I briefly thought about hitting the workout again to try and finish that round but decided that would be crazy. I’m pleased with my effort on this one and am ready to see what will be revealed with 15.4.
15.3 Other Thoughts –
I was really surprised to see a few things. First was the amazing amount of people who pushed themselves to get their first and next muscle ups. That was so awesome.
The bad part was how many people were so upset with the scaled options if they didn’t have muscle ups. The Open has many purposes as I eluded to earlier and one of those is to get the best athletes to regionals. Another will be to help give you new goals for the next year. Maybe more folks like myself will add a goal of getting some muslce ups in the next year. I’m glad that
15.4
8 Min AMRAP of Hand Stand Push Ups / Cleans
3/3
6/3
9/3
12/6
etc
Another one I’d be doing scaled. The scaled workout was still plenty tough.
10 Push Press at 95# / 10 Cleans at 115# – also 8 min AMRAP.
The Open show introduced a new standard for HSPU’s and that caught a lot of people by surprise.
For my workout I got 85 reps which I was okay with but not really happy. Didn’t want to redo it. After about half way i could feel my wrist with each clean. And while I know it isn’t going to get injured, it still hurts. And gets in my head. I need to keep working on it and move past that. It was also a workout that gassed me quicker than i thought it would. Those push presses were no fun!
Many in our box struggled with the HSPU’s and I’m certain that is something that a lot of people will continue to work on and turn it into a strengh over the next year.

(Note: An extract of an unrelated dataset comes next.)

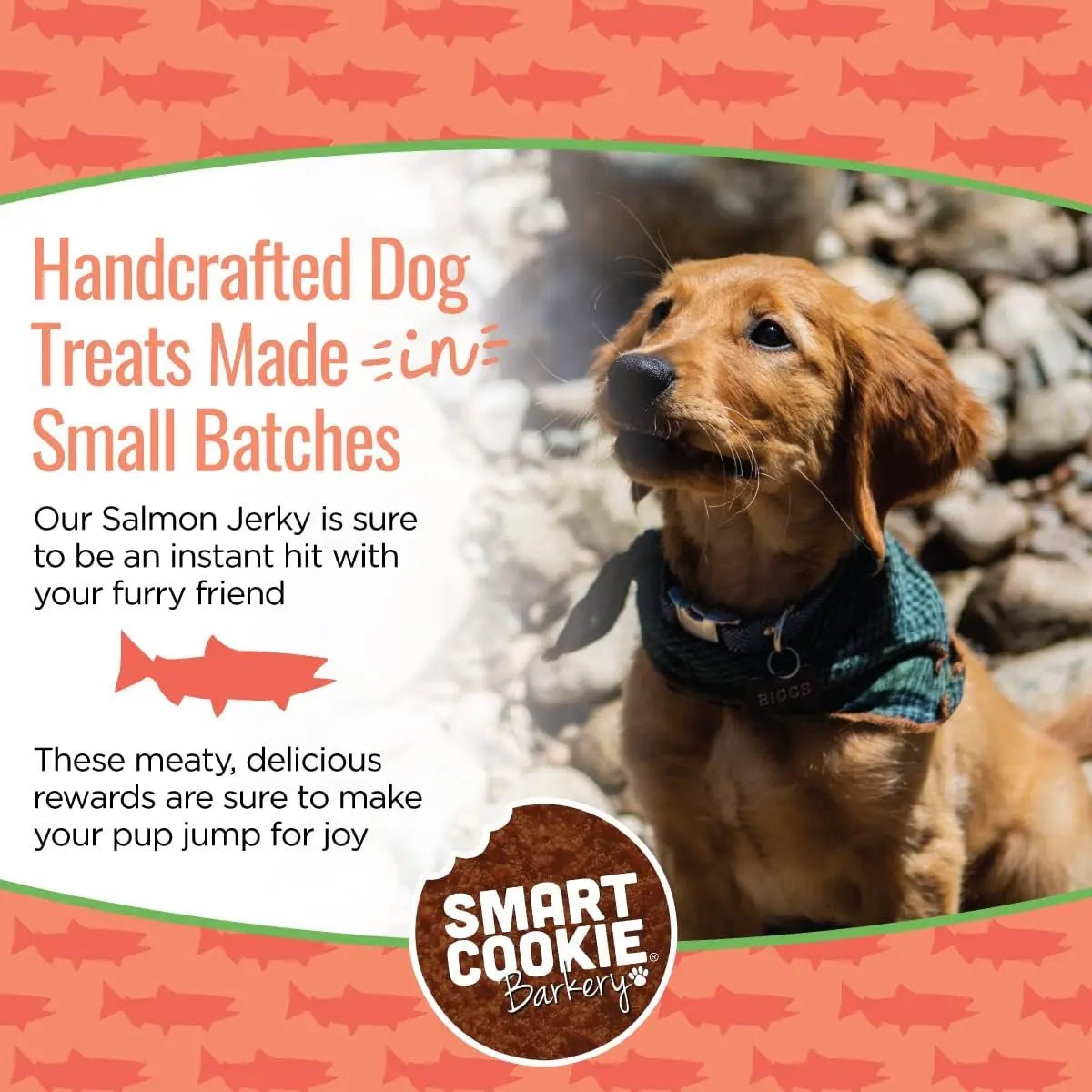 Smart Cookie Wild - Caught Salmon Jerky Treats for Dogs - Talis Us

My exciting news was that I got back into a Handstand position. First time since my injury. That was cool, I tried doing a push up but I can’t lower myself down that far. And I tried using dumbells so I wouldn’t be on my fingertips on my left hand but that hurt worse.

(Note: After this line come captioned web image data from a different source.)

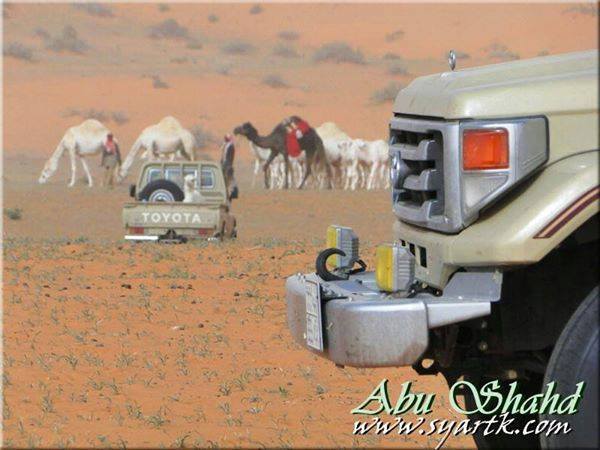 تويوتا الاند كروزر البريقه | Al Burayqah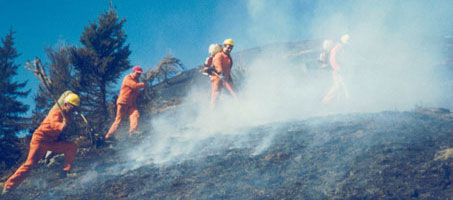 Volontari Antincendio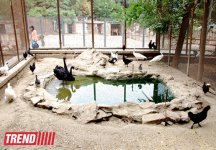 Bakı zooparkında bir gün (FOTO)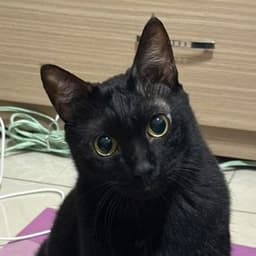 YatanLee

I’ll adapt, and keep working on it.
The best part of this open for me was seeing my friend Andy, PR his clean and get 185 done. He got 12 reps of this RX and that was awesome. A 20# PR and some funny stories to go with it. Like his chest looking like it was mauled by a tiger from the catch of the clean.
I’m ready to see what the final week of the open brings and see some more people astonish themselves with what they are capable of.